Algebra 2: Determining if inverse of a function is a function, and finding domain and range of inverse?

If you can get the domain and range of the original function, they are just swapped in the inverse (domain becomes range and vice-versa)

OK Raia--- First of all a function that has an inverse must satisfy the horizontal line test....right??

You know how to find the inverse and if you substitute the value for the inverse in for x you should get y = x. So, try a couple equations that you know have inverses and then look at the inverses to see what the domains and ranges are...this will prove it to you.

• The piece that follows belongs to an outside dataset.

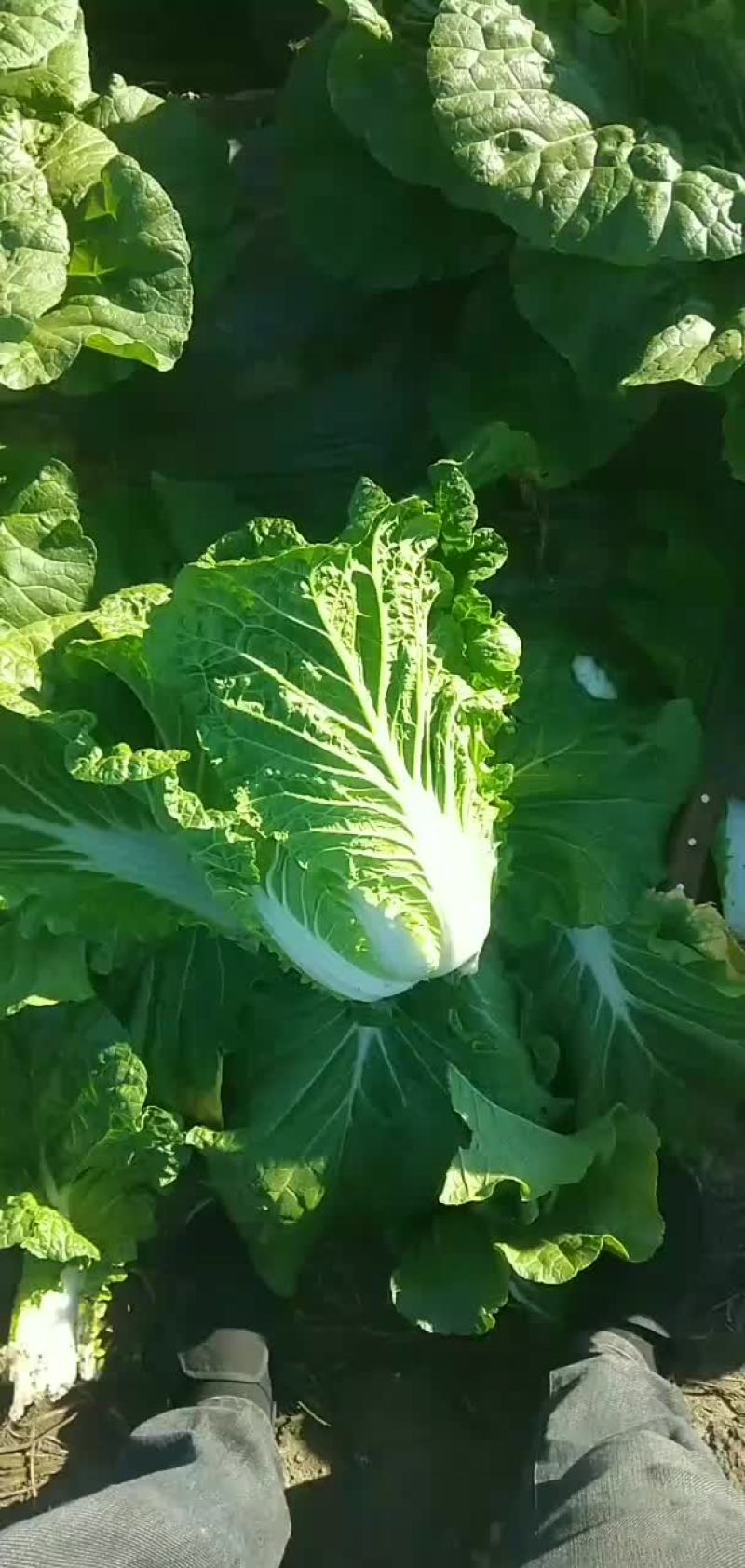 双城市黄心大白菜上市了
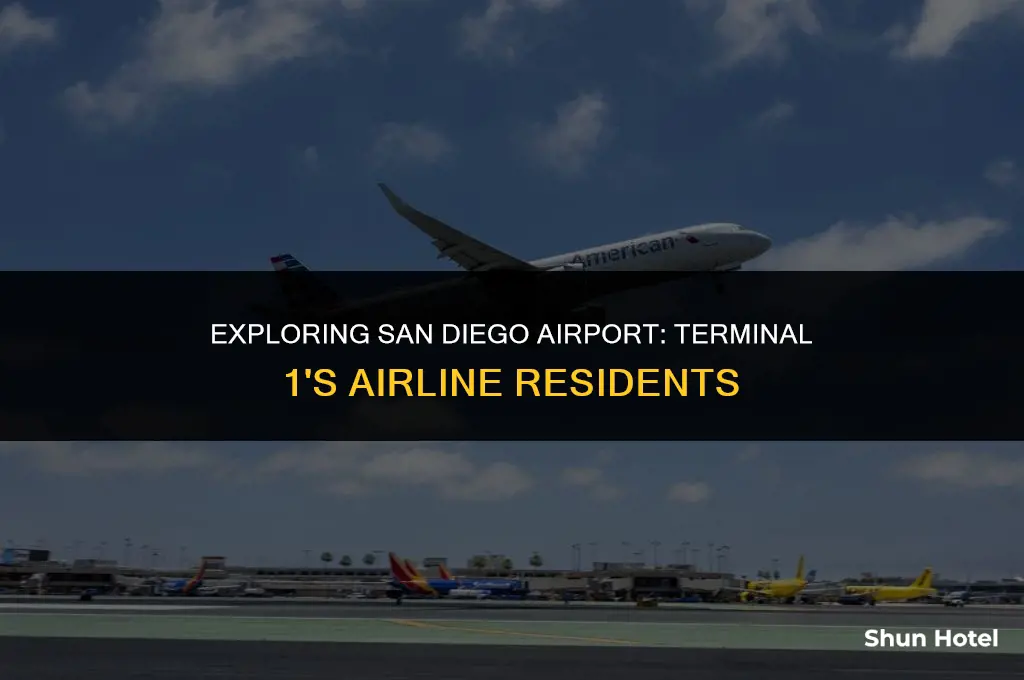 which airlines are at terminal 1 at san diego airport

i don't precisely understand what you advise by utilising finding f. f could in basic terms be the unique equation, f(x) = a million/(x+a million)^2. to locate the inverse, in basic terms turn the x and y coordinates and resolve for y. f(x) = a million/(x+a million)^2 would be re-written as y=a million/(x+a million)^2 Flipping the coordinates supplies us x = a million/(y+a million)^2 Multiply the two aspects by utilising (y+a million)^2 to get x(y+a million)^2 = a million Divide the two aspects by utilising x to get (y+a million)^2 = a million/x sq. root the two aspects to get y + a million = +/- sqrt(a million/x) Subtract one - y = +/- sqrt(a million/x) - a million <----- inverse you'll be sure if the equation is a function or not by utilising graphing it, and passing a vertical line for the time of the graph. If at any factor that the vertical line is going via extra effective than one factor, any factor in any respect, then the equation isn't a function. basically a heads up, something with +/- isn't a function. it is going to fail the vertical line try.